Since seminal work at the Haskin’s Labs in the 1950s4,5 it has been well-understood that many crucial elements that differentiate some speech sounds change in frequency over short periods of time, i.e. they are frequency modulated.  Indeed, Eimas and his colleagues,6 were among several groups that showed that new born babies, appear to be ‘pre-wired’ to hear those brief FM signatures that differentiate, for example, /ba/ from /da/.   Recent work in the neurosciences show much more vigorous electrical activity in auditory regions of the human brain with FM signals, than for simpler, non-modulated acoustic signals.8,9     Yet they are notably absent in audiometric tests, except for the occasional use of ‘warble tones’ in some sound field measures, but they remain absent on a standard audiogram.

Figure 3. The 20-40 msec 2nd formant transitions that provide the acoustic distinctions between 3 consonants with the same vowels. After Delarte et al4.

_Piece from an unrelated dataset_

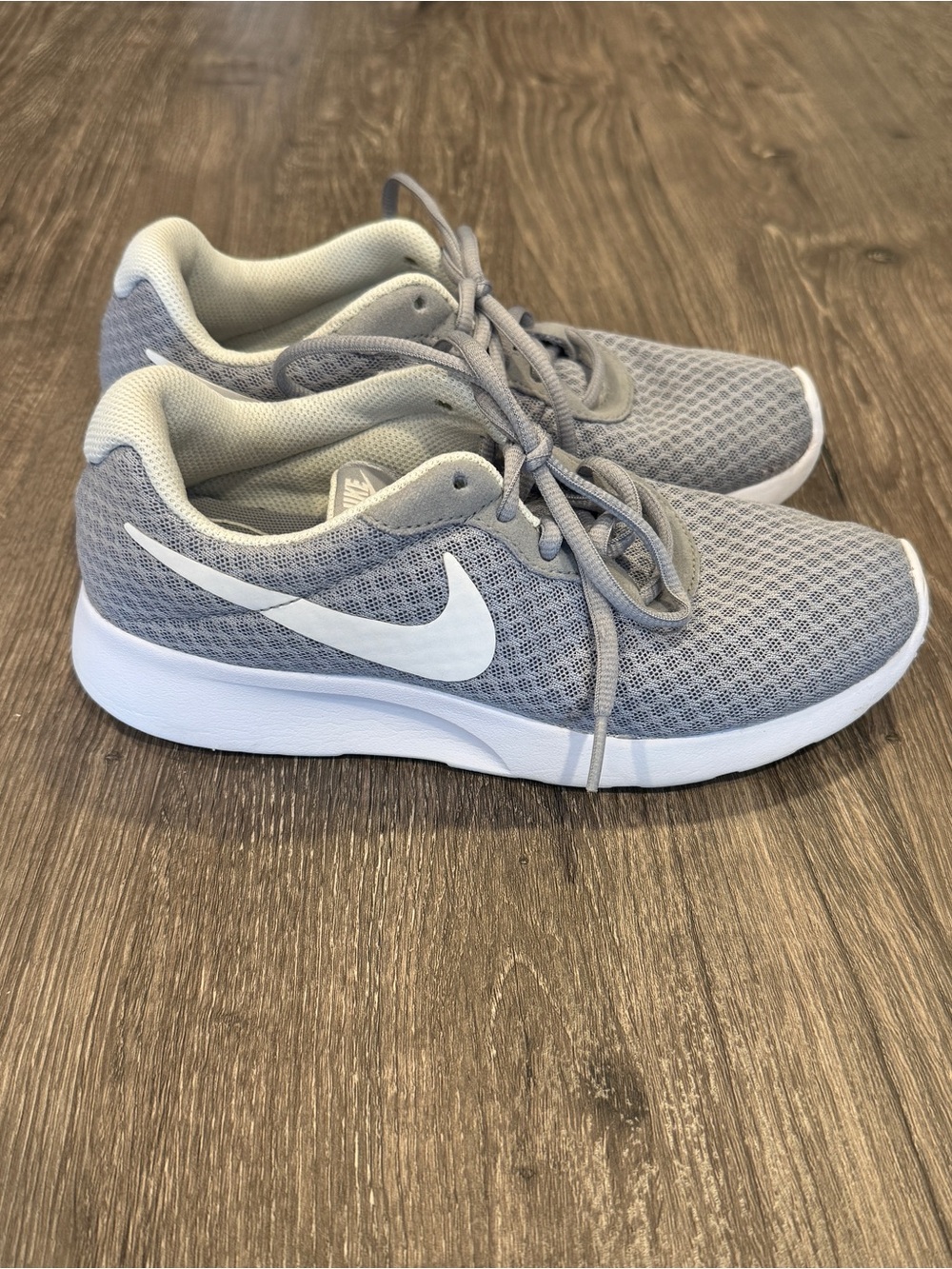 Nike Tanjun Grey Mesh Running Sneakers Women Size 6 Excellent Condition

As a reminder to the reader, Figure 3 illustrates the well-studied formant transitions (frequency modulations in a brief period of time) that distinguishes the spoken syllables  /ba/ /ga/ and /da/ as originally reported by the Haskin’s Lab group.

 

These properties of duration and modulation in the auditory system raise the simple question of ‘how can clinicians characterize a listener’s struggles with hearing speech using signals that do not represent the way the auditory system is organized to receive speech?   It is a fundamental inadequacy of test sensitivity as a professional approach to alleviate the stress of spoken communication for hearing impaired individuals. There must be a willful acknowledgement that hearing for tones is not the same as hearing for speech at the neurophysiological level.   Extraction of ‘meaning’ from the patterned pulses of speech is immensely more complex than the reporting of the audibility of barely audible sinusoids.  It is assumed that hearing professionals know these facts, but have no convenient and established alternative to the conventional pure tone audiogram for verifying hearing aids.

 

Next week:  Evolution of Electroacoustic Measures of Hearing Aids

 

References

  1. Yost, WA, Popper, AN, Fay, RR, (1993) Human Psychophysics. Springer-Verlag New York. Chapt 1. Psychoacoustics 1-12
  2. Zwislocki, J. Theory of Temporal Auditory Summation (1960) 
J. Acoust. Soc. Am. 32, 1046.
  3. Wieringen, A, Pols, L. (2006). Perception of highly dynamic properties of speech. Chapt 2 in Listening to Speech- An Auditory Perspective. Greenberg, S, Ainsworth, W. (eds) Laurence Erlbaum Pub. Mahwah, NJ 21-38.
  4. Delattre, PC., Liberman, AM. & Cooper, FS. (1955) Acoustic Loci and Transitional Cues for Consonants. J. Acoust. Soc. Am. 27, 769–773).
  5. Liberman, AM, Harris, KS, Hoffman, HS & Griffith, BC.  (1957)  The discrimination of speech sounds within and across phoneme boundaries. J. Exp. Psychol. 54, 358–368.
  6. Eimas PD, Siqueland ER, Jusczyk P, Vigorito J. (1971) Speech perception in infants.  Science. 22;171(3968):303-6.
  7. Miller, CL, Morse, PA (1976). The “heart” of categorical speech discrimination in young infants. J. Speech Hear Res 19(3) 578-89.
  8. Hart, HC, Palmer, AR, Hall, DA.  Amplitude and Frequency-modulated Stimuli Activate Common Regions of Human Auditory Cortex. (2003)  Cerebral Cortex  (Oxford Journals) 13(7) 773-781.
  9. Okamoto, H, Kakigi, R. (2015) Encoding of frequency –modulation (FM) rates in human auditory cortex. Scientific Reports 5, Article No 18143.